The Tally started slower than an old Rover on a cold December morning spending the first ten minutes camped in their own half. Struggling to keep the ball Hardgate went on the offensive and were rewarded with an early goal when something happened that will keep Cunningham off Twitter for the next three days. Trying to knock the ball past a forward it instead landed at the opponents feet and he smashed it home to take the lead. This woke the home side up out of our Saturday morning slumber and within minutes we were level when Reilly reacted first to a Ross Lewicki corner which the visitors failed to clear with a good finish from inside the six yard box in spite of the worst pair of boots I’ve ever seen.

Tally’s tails were up and they added a second when a long ball from Morrison deflected off Thomson into the path of McQuade who ran in to finish. It was only minutes before he added a second. Slipping the ball to Morrison who had his back to goal he continued his run. Morrison back heeled the ball into the box with the perfect weight and pace for McQuade to run on to for a typically clinical finish. Tally were dominant now and when Thomson hit the byline to cut the ball back it was McQuade again who was there for a simple tap in and his hatrick.

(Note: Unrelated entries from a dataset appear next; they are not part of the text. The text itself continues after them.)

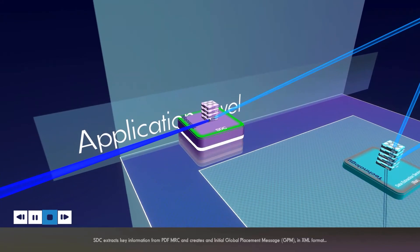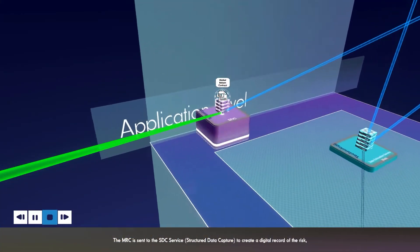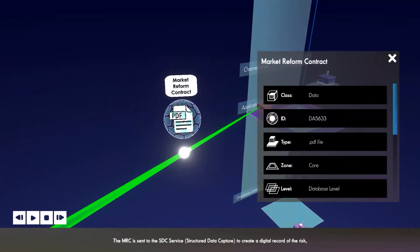In terms of documentation at each stage - the first piece of documentation could be a submission pack. The carrier then starts to formulate what the terms and conditions should be for that risk. What the broker is recording those terms and conditions on is a Market Reform Contract - an MRC, or slip as they're sometimes called. They're common formats, supposed to be a single format, but things evolve so they're slightly varied. They are essentially a draft set of insurance terms.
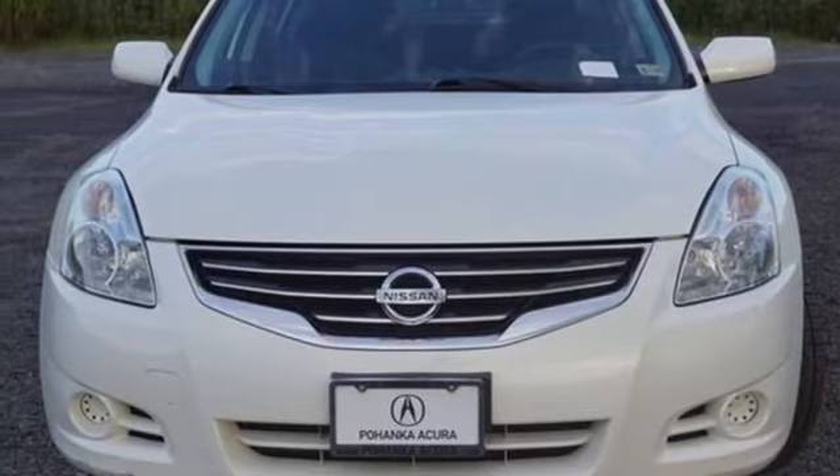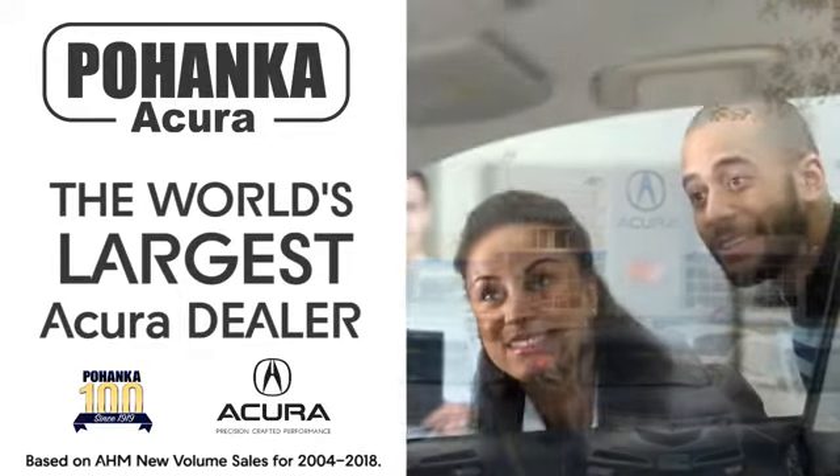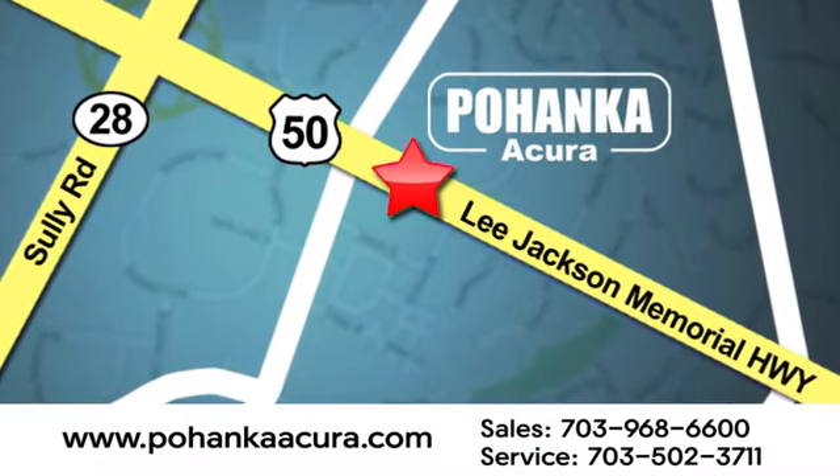You need to drive it to believe it. See it for yourself today. Pohenka Acura is a great place to buy a car. We're conveniently located at 13911 Lee Jackson Memorial Highway, Route 50 in Chantilly.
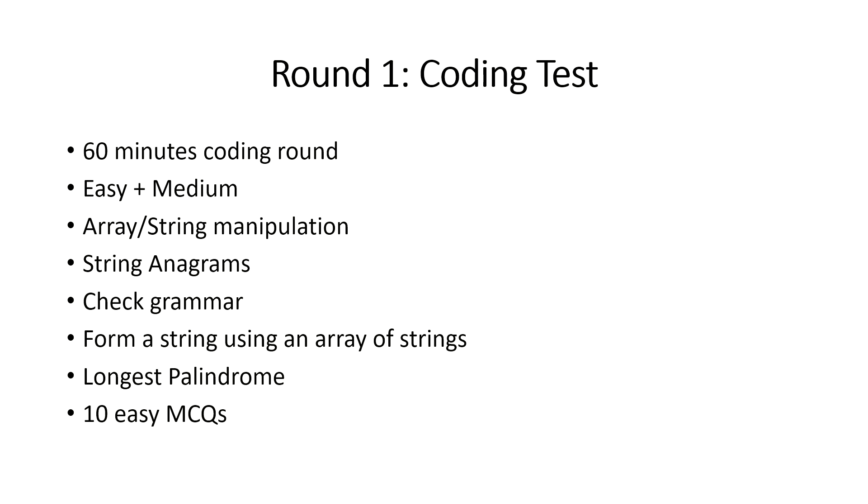Beginning with the first one — the coding test. Coding tests vary from easy to medium questions. It was a 60-minute round where you had four coding questions to complete. These coding questions are basically easy and medium questions from LeetCode, a modified version obviously, and they were based on arrays and strings.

A three goal lead to take into the second half then but Hardgate were far from done and they battled for everything with the home side being put under pressure at times. Shearer in goal made three or four top drawer saves to deny the visitors including a great tip over the bar.  Clear cut chances to put the game to bed were at a premium. No game is dead in amateur football with a three goal lead, especially not for Tally teams past. The players kept working though and were eventually rewarded with a goal when Devlin bustled past a couple of defenders and tried to put the ball into the six yard box from a tight angle on the left. The ball deflected off a Hardgate defender and into the net. Was it his goal? Was it on target or was it a cross? To me it looked like it might have went in at the back post so we’ll give him it. I’m generous like that.

McQuade capped a Chairmon’s Mon of The Match performance off with a fourth goal late on.

Speaking after the game McQuade talked us through the goal. “Chris punted the ball up to me and I just ran. I was going to cut it back to Thommo…but I just smashed it in. Lol.”

Changes were made with Bonacorrsi (the one with the hairband not the one with the Pirlo haircut) McGinley, Muirhead and new signing Haig all coming on for the home side. The changes didn’t upset the balance, commitment or shape of the team with all but McGinley, who just concentrated on buzing about the park winning the ball back, being unlucky not to grab a goal.

A good solid home win for The Tally then. Teams play each other three times this season and we’ll have two very tough games against Hardgate to come later in the season.

Moment to Savour… Quado’s second goal was a peach – real class from him and Big Mo.

Head in Hands Moment… First ten minutes were a bit draining but what followed more than made up for it. Need to start better.

PSL Teamsports Heros… Tried to sell Quado to The Albion for £6m but they’ve not got back to me yet. He’s not worth £6m though – to us he’s priceless and it’s good to see him enjoying his football. Mo and Davie in the centre of the park were fantastic and Darren, Reilly and Stegsy are our backbone. Every single player in a yellow and green shirt could take something really positive away from their performance. Even Ross.

On the sidelines… Top marks to Alex for bringing the Swizzle mix sweeties today which were BOSS. It’s great to see injured players coming down to support the team cos no one wants to miss the action. Credit to the guys who are subs at the moment – there’s no moaning at all – in fact it’s the opposite. Team spirit is superb so lets keep it that way. I’m sure we will.